*** EXTRACTED MATERIAL ***
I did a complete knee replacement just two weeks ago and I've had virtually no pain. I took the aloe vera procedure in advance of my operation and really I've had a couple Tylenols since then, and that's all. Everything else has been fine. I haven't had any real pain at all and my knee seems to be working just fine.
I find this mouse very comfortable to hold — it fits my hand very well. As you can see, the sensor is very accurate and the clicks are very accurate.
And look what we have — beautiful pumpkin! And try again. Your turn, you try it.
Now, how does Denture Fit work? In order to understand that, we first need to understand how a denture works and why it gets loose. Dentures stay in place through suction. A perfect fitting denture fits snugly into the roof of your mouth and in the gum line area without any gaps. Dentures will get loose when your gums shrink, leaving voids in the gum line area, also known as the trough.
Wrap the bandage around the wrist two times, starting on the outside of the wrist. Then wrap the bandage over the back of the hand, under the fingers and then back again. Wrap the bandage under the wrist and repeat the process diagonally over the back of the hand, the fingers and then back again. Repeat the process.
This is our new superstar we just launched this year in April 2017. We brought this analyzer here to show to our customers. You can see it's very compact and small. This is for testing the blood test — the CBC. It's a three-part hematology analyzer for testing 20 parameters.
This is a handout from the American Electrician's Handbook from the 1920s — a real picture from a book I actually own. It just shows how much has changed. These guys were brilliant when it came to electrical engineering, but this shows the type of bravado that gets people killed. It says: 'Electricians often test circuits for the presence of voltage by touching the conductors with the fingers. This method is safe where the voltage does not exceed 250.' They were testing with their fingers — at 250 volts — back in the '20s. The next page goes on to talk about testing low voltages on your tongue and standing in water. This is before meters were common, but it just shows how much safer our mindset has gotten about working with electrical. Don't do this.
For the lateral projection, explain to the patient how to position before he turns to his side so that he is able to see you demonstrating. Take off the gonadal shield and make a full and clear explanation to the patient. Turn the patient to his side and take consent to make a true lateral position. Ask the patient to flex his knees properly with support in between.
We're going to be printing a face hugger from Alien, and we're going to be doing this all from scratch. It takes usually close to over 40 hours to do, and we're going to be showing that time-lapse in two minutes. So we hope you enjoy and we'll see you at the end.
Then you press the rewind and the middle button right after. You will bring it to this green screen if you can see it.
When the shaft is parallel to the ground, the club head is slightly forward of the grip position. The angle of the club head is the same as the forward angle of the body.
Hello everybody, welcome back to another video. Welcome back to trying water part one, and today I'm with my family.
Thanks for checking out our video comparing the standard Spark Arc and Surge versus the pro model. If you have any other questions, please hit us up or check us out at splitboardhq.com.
*** End of EXTRACTED MATERIAL ***
> [ACTIVITY] Match on "video" and report each line of the data above that has it.

> [EXERCISE OUTPUT]
Hello everybody, welcome back to another video. Welcome back to trying water part one, and today I'm with my family.
Thanks for checking out our video comparing the standard Spark Arc and Surge versus the pro model. If you have any other questions, please hit us up or check us out at splitboardhq.com.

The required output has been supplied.